Start of DATA SHOWN

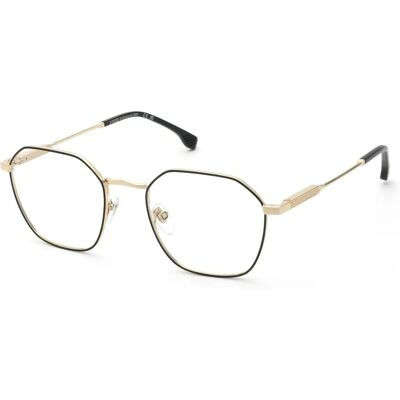 Montatura occhiali Lozza VL2431 0302 Oro Rosa Nera Semitrasparente Montatura occhiali Lozza VL2431 0302 Oro Rosa Nera Semitrasparente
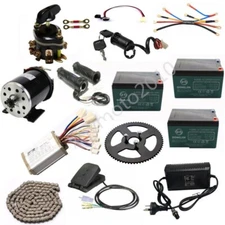 800W36V Brush MY1020 Electric E bike Motor Kit Controller Bicycle ATV Quad Buggy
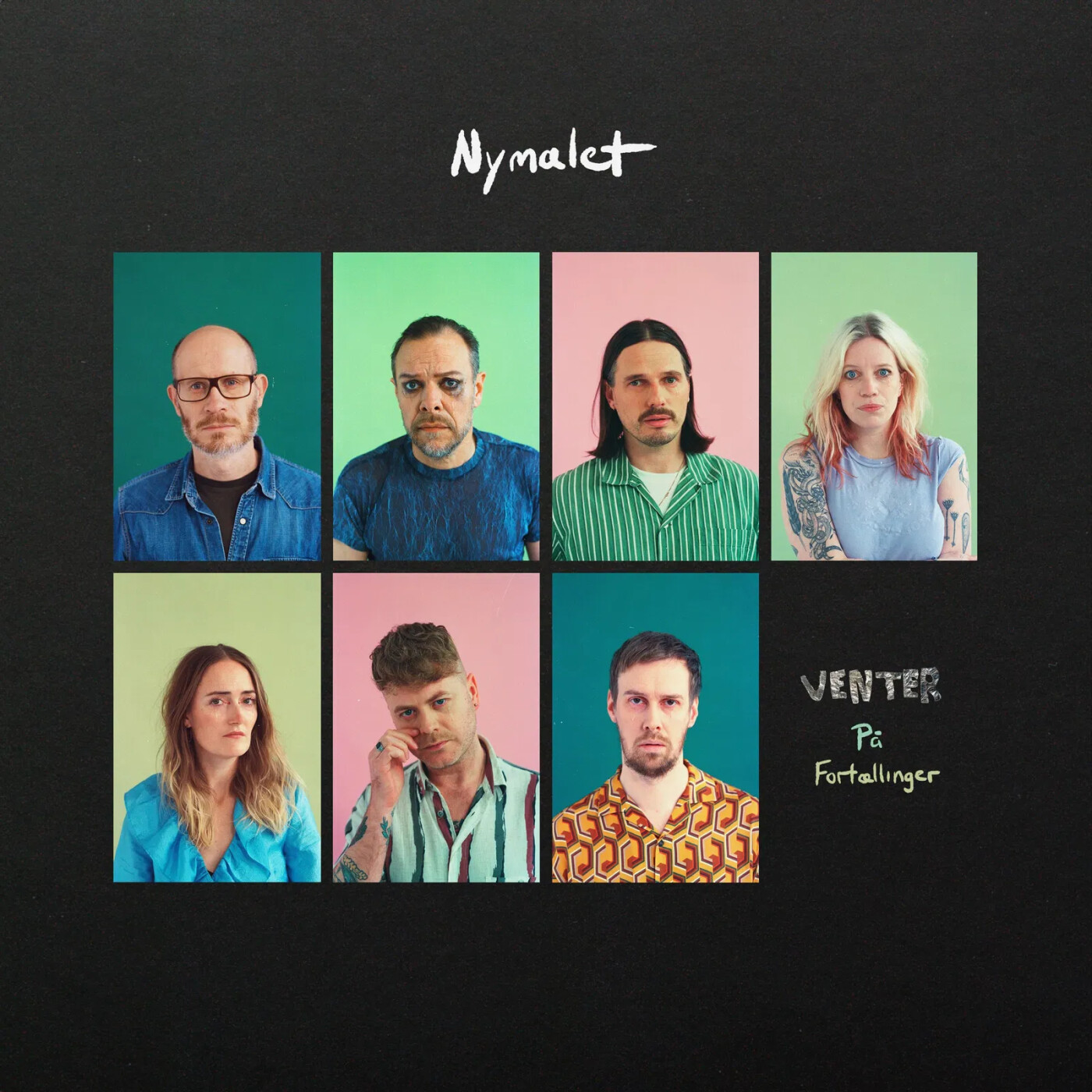 Nymalet - Venter På Fortællinger - Vinyl Lp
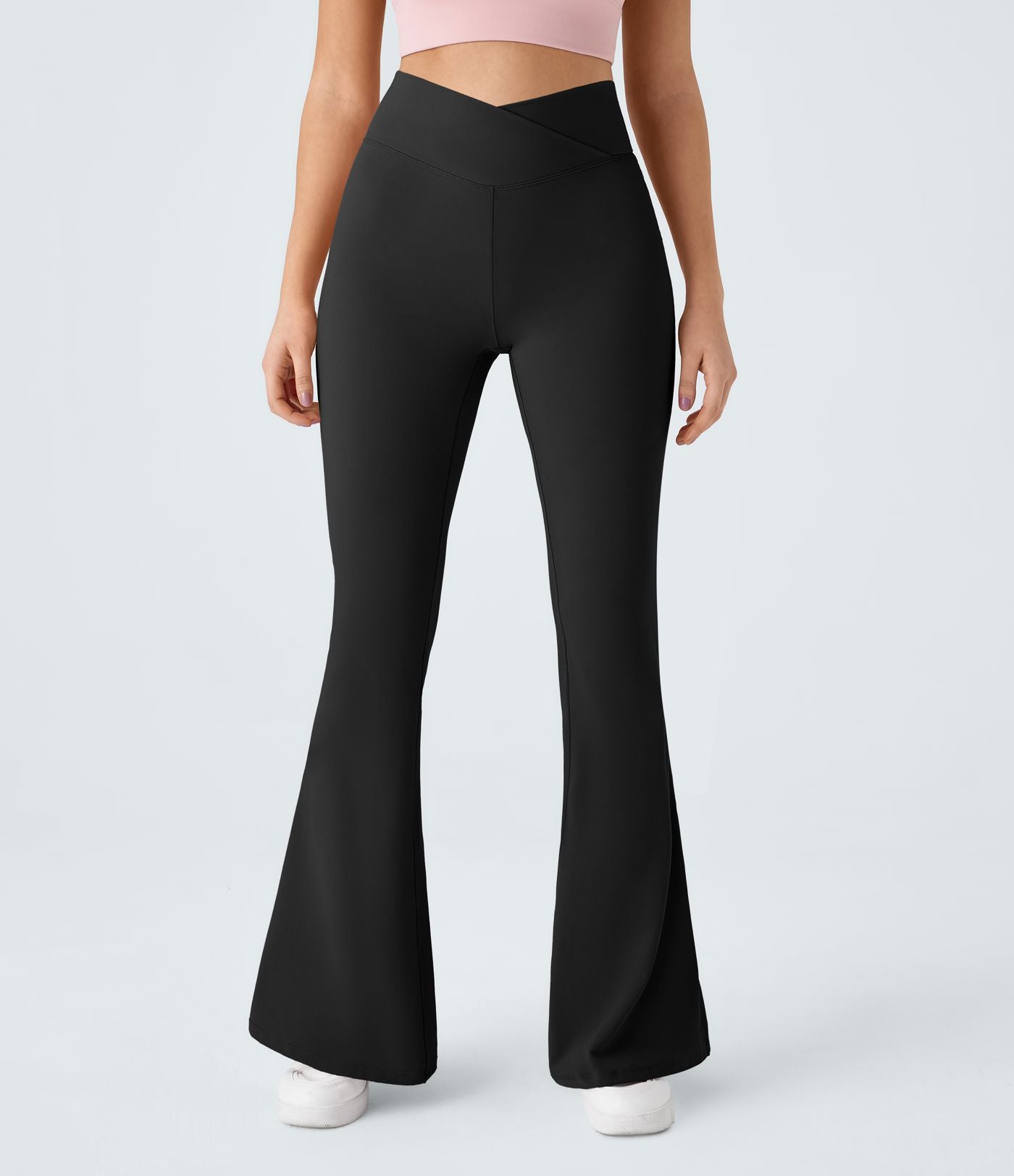 Legging croisé taille haute DayStretch avec poches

End of DATA SHOWN

PROBLEM DETAILS:
All of the data above must be printed exactly, minus its pictures.

TASK ANSWER:
 Montatura occhiali Lozza VL2431 0302 Oro Rosa Nera Semitrasparente Montatura occhiali Lozza VL2431 0302 Oro Rosa Nera Semitrasparente
 800W36V Brush MY1020 Electric E bike Motor Kit Controller Bicycle ATV Quad Buggy
 Nymalet - Venter På Fortællinger - Vinyl Lp
 Legging croisé taille haute DayStretch avec poches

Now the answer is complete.